YOUR OBJECTIVE:
Using the entries below, write out the line with "法官的木槌，手铐和黑桌上的旧书", the line with "Vorderansicht eines fröhlichen, hübschen", and every line in between, exactly as each is written.

SOURCE DATA:
((

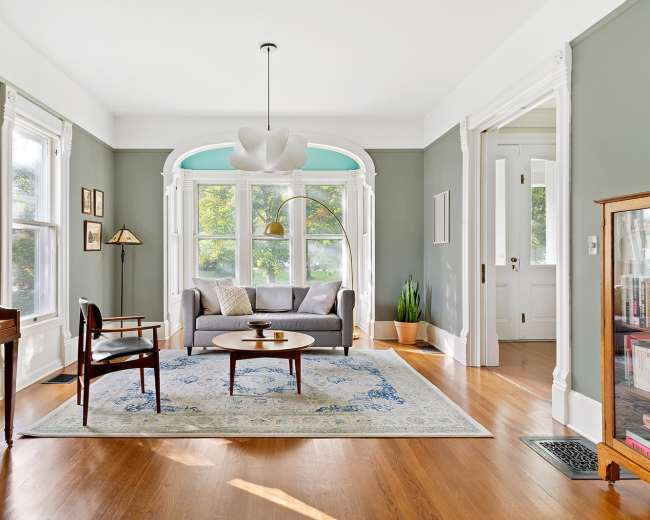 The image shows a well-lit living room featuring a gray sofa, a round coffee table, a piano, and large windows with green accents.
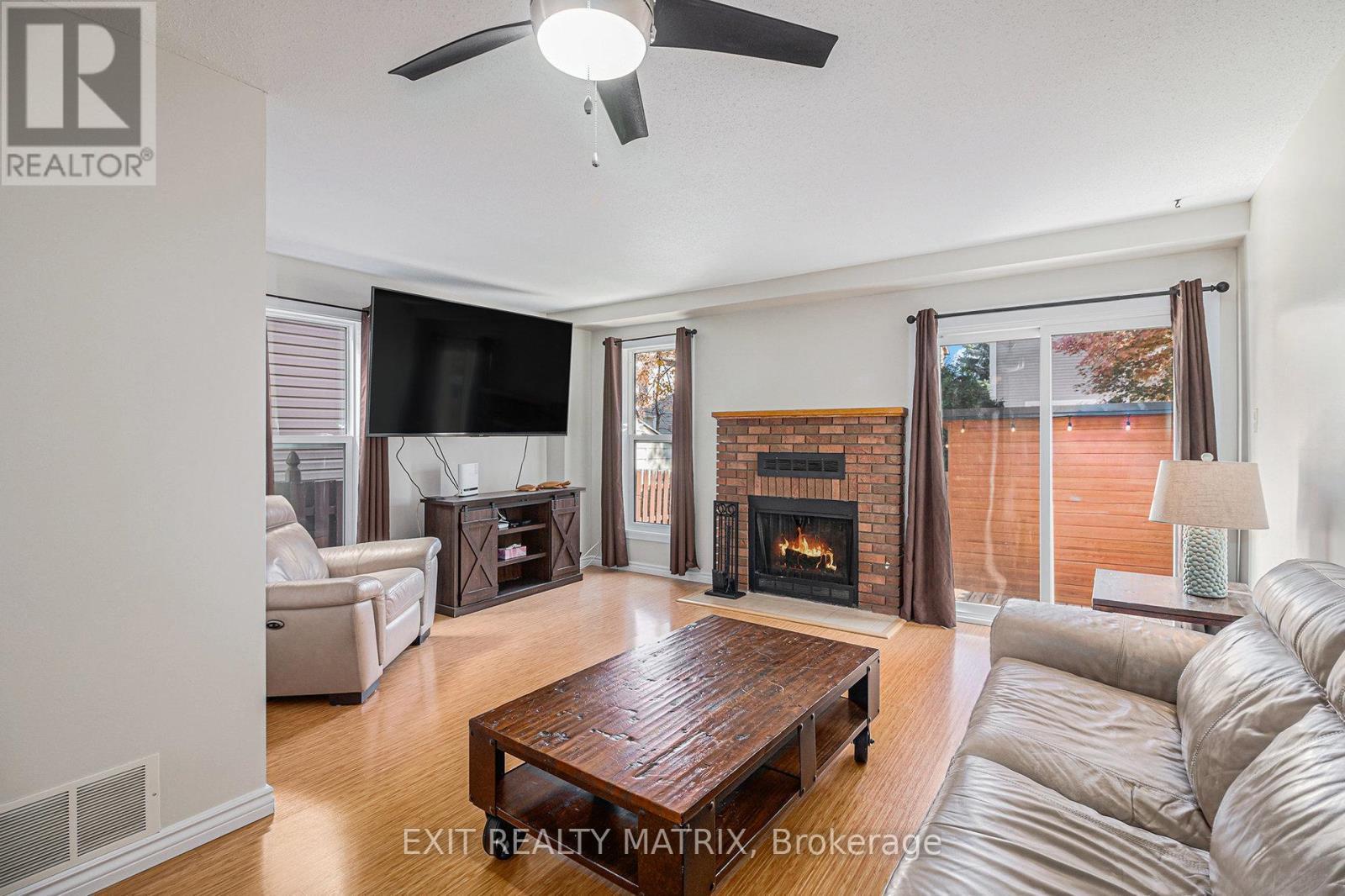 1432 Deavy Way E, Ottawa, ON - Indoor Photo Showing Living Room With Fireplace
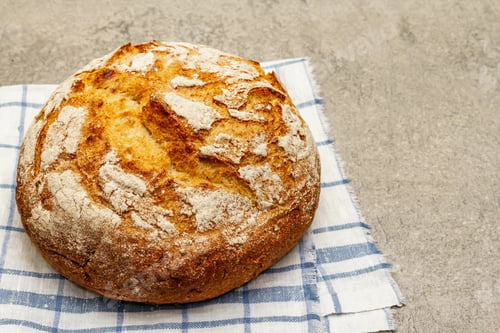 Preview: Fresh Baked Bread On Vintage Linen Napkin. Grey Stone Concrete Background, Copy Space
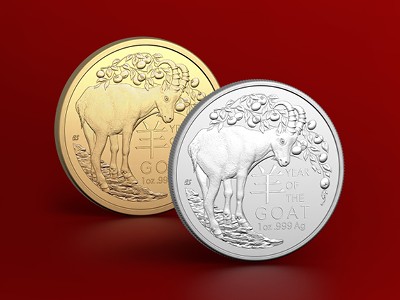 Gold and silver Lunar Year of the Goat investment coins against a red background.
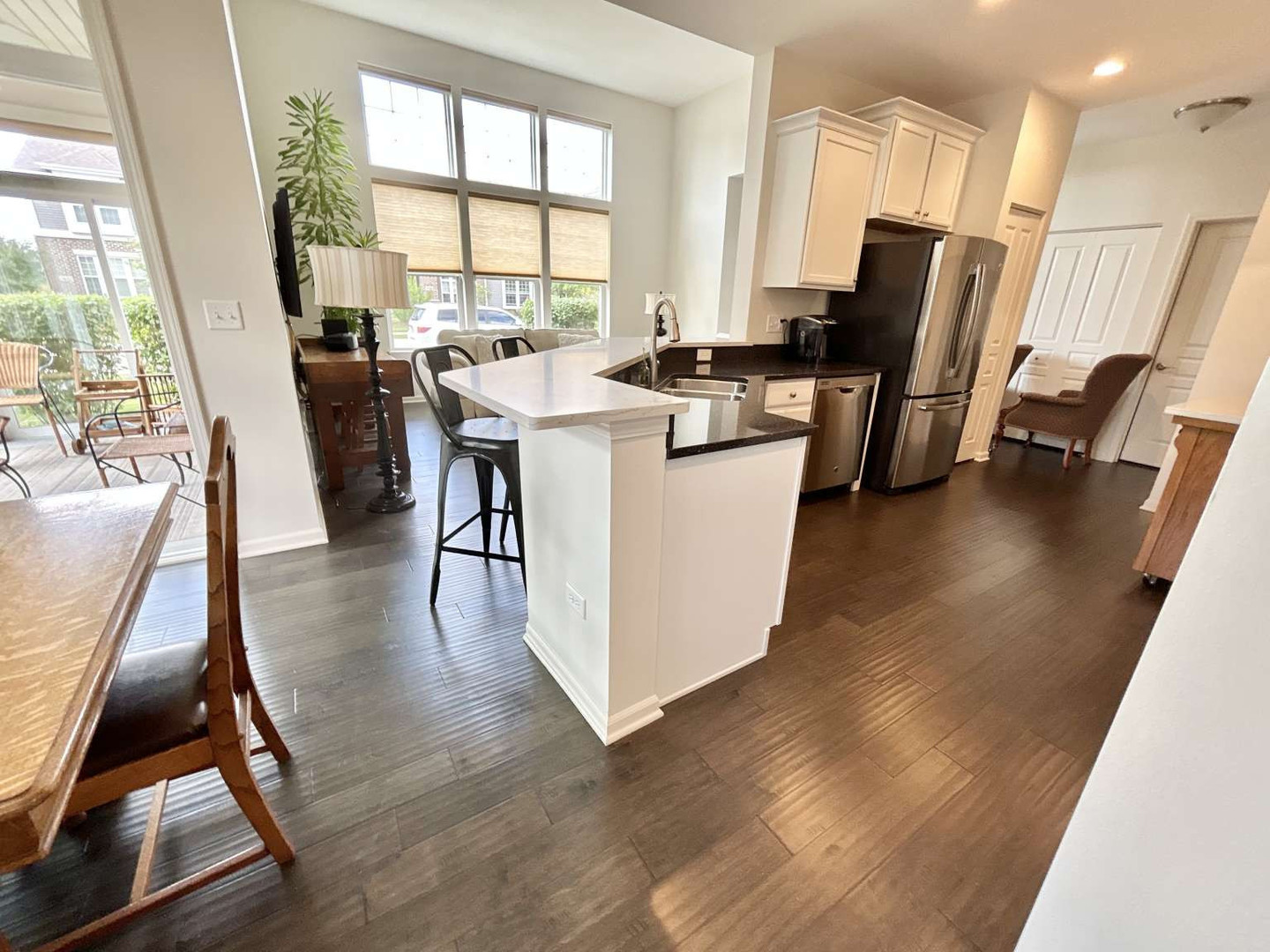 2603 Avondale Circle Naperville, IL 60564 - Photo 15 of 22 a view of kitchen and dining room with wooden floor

))
((

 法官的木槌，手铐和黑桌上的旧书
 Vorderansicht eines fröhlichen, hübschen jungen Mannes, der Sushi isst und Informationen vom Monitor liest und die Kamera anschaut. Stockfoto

))

RESPONSE:
 法官的木槌，手铐和黑桌上的旧书
 Vorderansicht eines fröhlichen, hübschen jungen Mannes, der Sushi isst und Informationen vom Monitor liest und die Kamera anschaut. Stockfoto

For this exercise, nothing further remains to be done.